I think the only way to square our understanding of Diaspora Art’s relationship with institutions is by asking wider questions about all of our relationships with institutions, by thinking about labour (relations, conditions, etc). In 2018 I wrote that we (I never defined the we) should unionise. I think that was sweet but naive. It’s not that I disagree, I just think I didn’t quite understand what that could or should mean. It is easy to write about building a new art world, harder to build it. The thing about unions is: they’re there to negotiate with the boss on behalf of the workers. They want better conditions as an outcome, not an idea. While me and my ego might want for the destruction of these institutions (I’d come in riding the wrecking ball like Miley Cyrus), the world continues on with little regard for that particular desire. If there’s one lesson I have learned from being in my 20s during the 2020s, it’s that material conditions win out every time. The power is in the slow friction, the war of attrition, the power is in prioritising outcome over discussion. That feels like a funny thing for a critic to say. But there’s not much point in words as gestures. There is beauty in practicality. We should all just get on and do things. We should all just come out with it and ask for things! Union, new art world, call it what you want. Maybe then, we wouldn’t have to chat about how shit things are all the time.

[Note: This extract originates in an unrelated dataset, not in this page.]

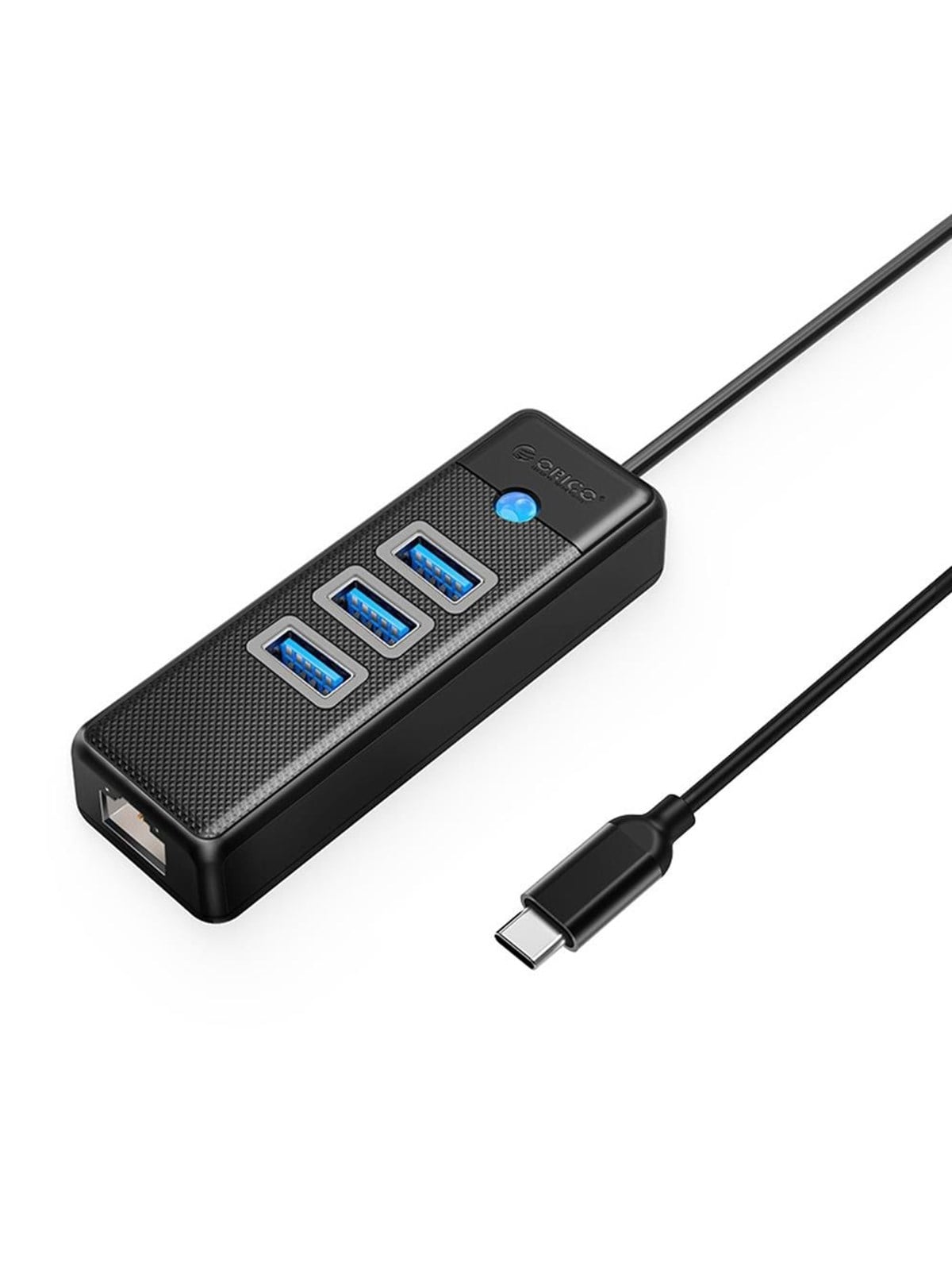 ORICO PW3UR25-C3 USB Hub 4-Port 3x USB-A 3.0 1x RJ45 2.5G Ethernet 0.15m - Black USB-Hubs - USB 3.0 - 4 - Schwarz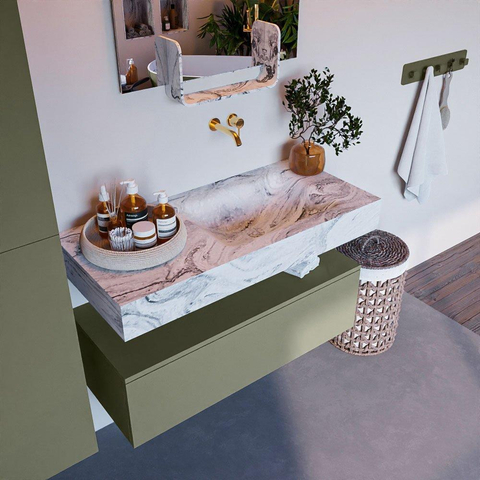 Mondiaz ALAN-DLUX Ensemble de meuble - 100cm - meuble Army mat - 1 tiroir - Lavabo Cloud Glace suspendu - vasque Droite - 0 trous de robinet SW806140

I ended my 2018 essay by thinking about the neoliberalism of the South Asian diaspora’s wider political project. Diaspora Art was a kind of bloody idol to the false god of neoliberal diversity and inclusion work. Maybe, instead, it is a canary down a mineshaft. Maybe Diaspora Art is the sharp edge of some political point that we all taper into eventually, a sliding scale on a deranged game show called ‘HOW NEOLIBERAL ARE YOU WILLING TO GO!?’ Maybe it is an emblem of how institutions would treat us all if we were naive or isolated enough. The gig economy, rapid thoughtless movement, the totalitarian farce of late stage capitalism, a boot stamping on a human face for ever for ever for ever! Maybe we’d be better off thinking about Diaspora Art as a symptom rather than a cause.